Just come across Jessie Bond's autobiography online. She was a Victorian singer and actress who made a special name for herself in Gilbert & Sullivan. Her story is quite a fascinating one. It's written in a conversational style, without any intellectual pretentions.

LIfe in the Victorian theatre was hard work but much more fun for a woman than most things that they were allowed to do. Needless to say it was regarded as "not quite nice" and Jessie observes that she was a bit worried about making the transition from singing classical music to acting because of the potential damage to her reputation.

It must have been great to be an actress, though, if you had any talent, because it was one of the few more-or-less respectable professions where a woman could earn her own money and be independent. Of course, however independent they were when single, if they got married they were still subjected to the will of their husbands.. Even the great Ellen Terry, one of the most famous stage actresses ever, was forced to give up acting when she married for the first time (in fact, her middle aged husband actually sent her to school as she was only 16!) Jessie claims she was pretty well abducted and forced to marry - and work. In those days, of course, all her earnings had to go to her husband since women had no right to keep their own money.

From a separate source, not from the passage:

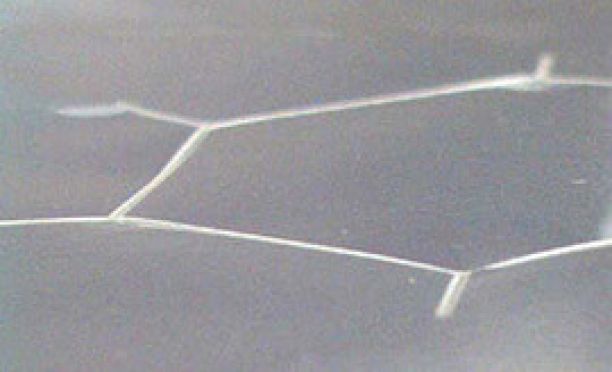 Laserritzen von Freiformen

I don't like reading long documents on the computer so I looked for a copy of her book in online bookstores. Rip off! They cost hundreds of pounds! I suppose I'll have to print it out from the website, and read it on bits of paper.

I was of course hoping that she had known Carroll, and indeed he HAD seen her, although doesn't seem to have talked to her. In August 1891, he wrote "Went to town, to meet, at Paddington, Ethel Hatch, who is coming as my guest. In the evening we went to the Devonshire Park Theatre, and saw the "duologue" entertainment by Miss Jessie Bond and Mr. Rutland Barrington. It consists of three pieces, a Fancy Ball incident, a sham (mesmeric) Professor, and a scene between, a butler and ladies' maid, in which they recite the balcony-scene from Romeo and Juliet. It was very clever."

Ethel Hatch, by the way, had been one of Carroll's nude photographic models when she was about five years old. She had remained very fond of him and they were good friends - by this time, she was in her mid twenties and on this occasion she was accompanying him for a few days' holiday in a guest house at Eastbourne. Carroll's fondness for having young women as social partners sometimes gave rise to gossip, as it wasn't quite the done thing to do this in Victoriain days. Even though he was supposed to be such a respectable clerical type, he attended literally hundreds of plays in his life and was totally obsessed with them and besotted with the theatrical life.